## Data shown:
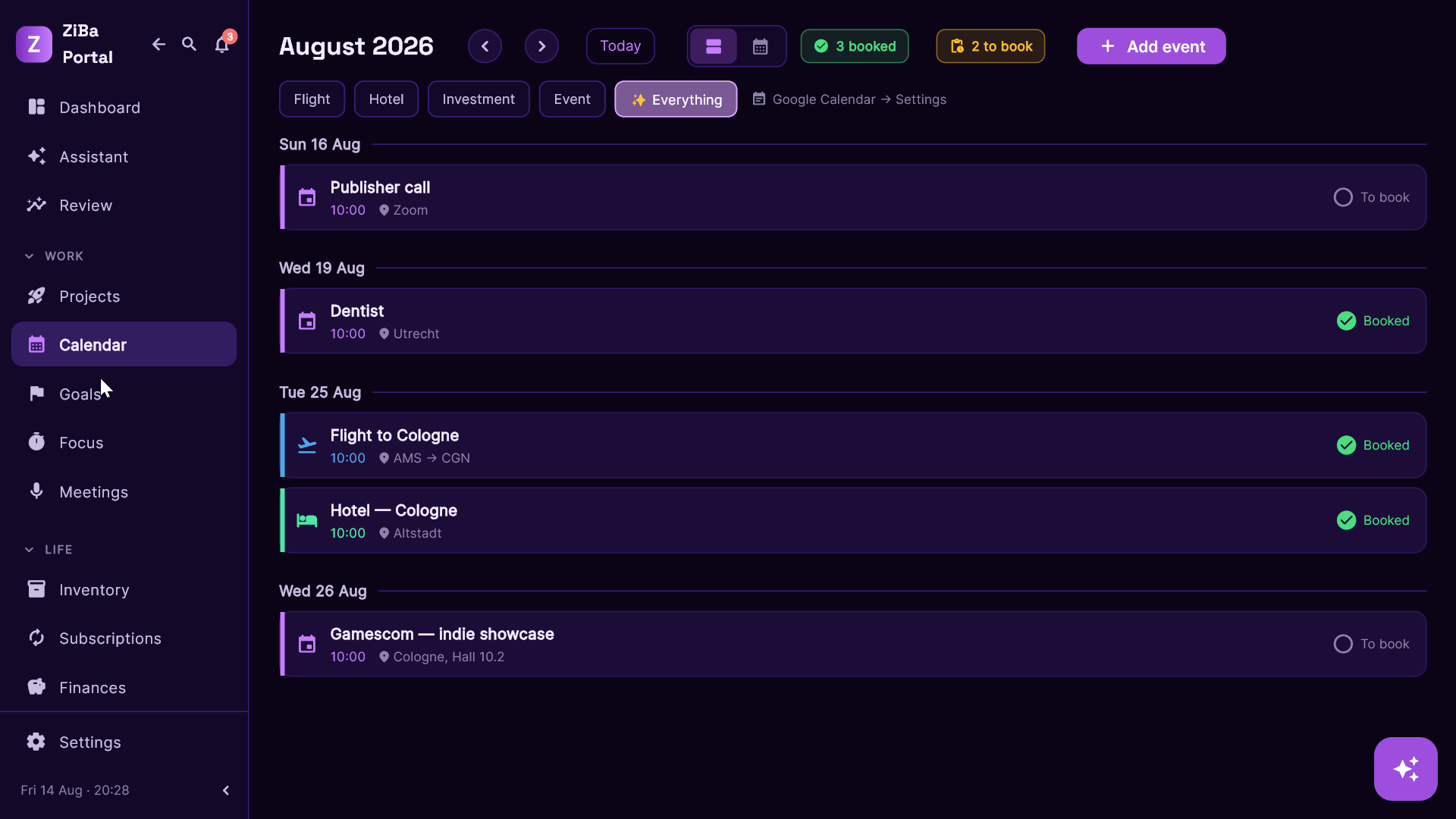 ZiBa Portal calendar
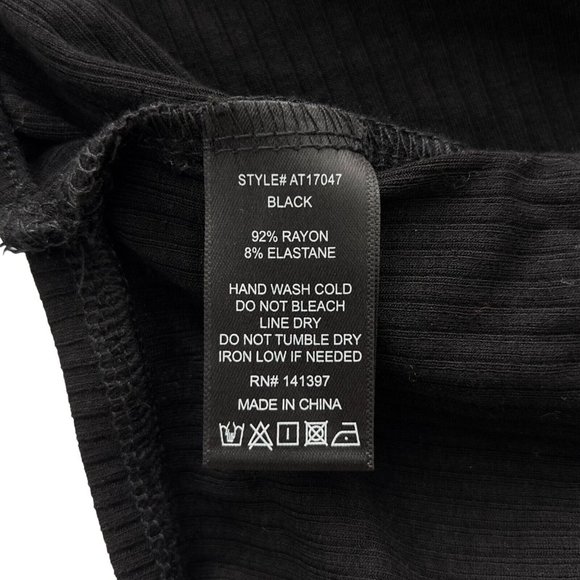 ASTR THE LABEL Black Ribbed Knit Somerset Mock Neck Cutout Bodysuit Small - 0016 - Picture 10 of 10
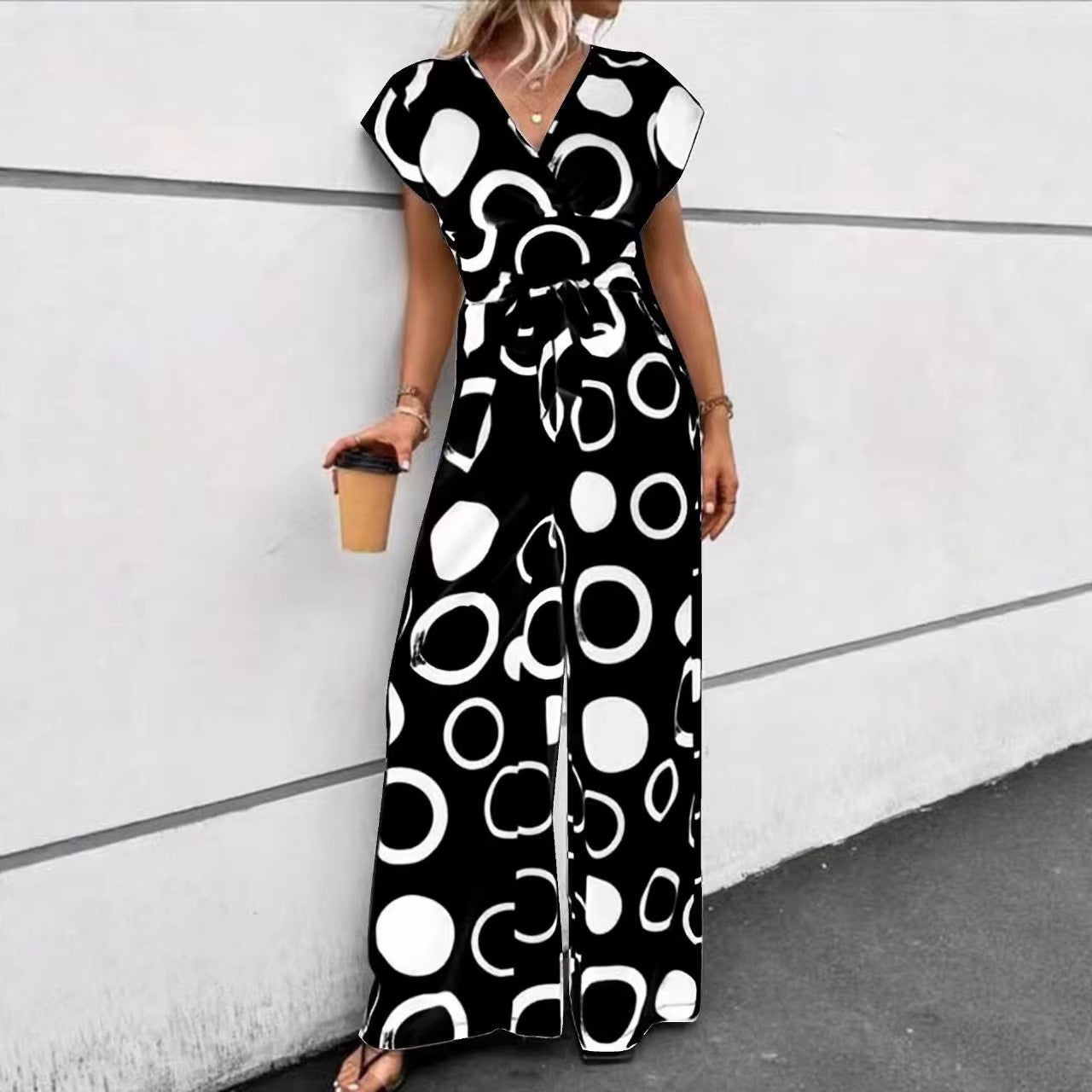 Women's Fashion Elegant Casual High Waist Print Jumpsuits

## Task goal:
Any picture found in the data is to be skipped while the rest is copied exactly.

## Answer below:
 ZiBa Portal calendar
 ASTR THE LABEL Black Ribbed Knit Somerset Mock Neck Cutout Bodysuit Small - 0016 - Picture 10 of 10
 Women's Fashion Elegant Casual High Waist Print Jumpsuits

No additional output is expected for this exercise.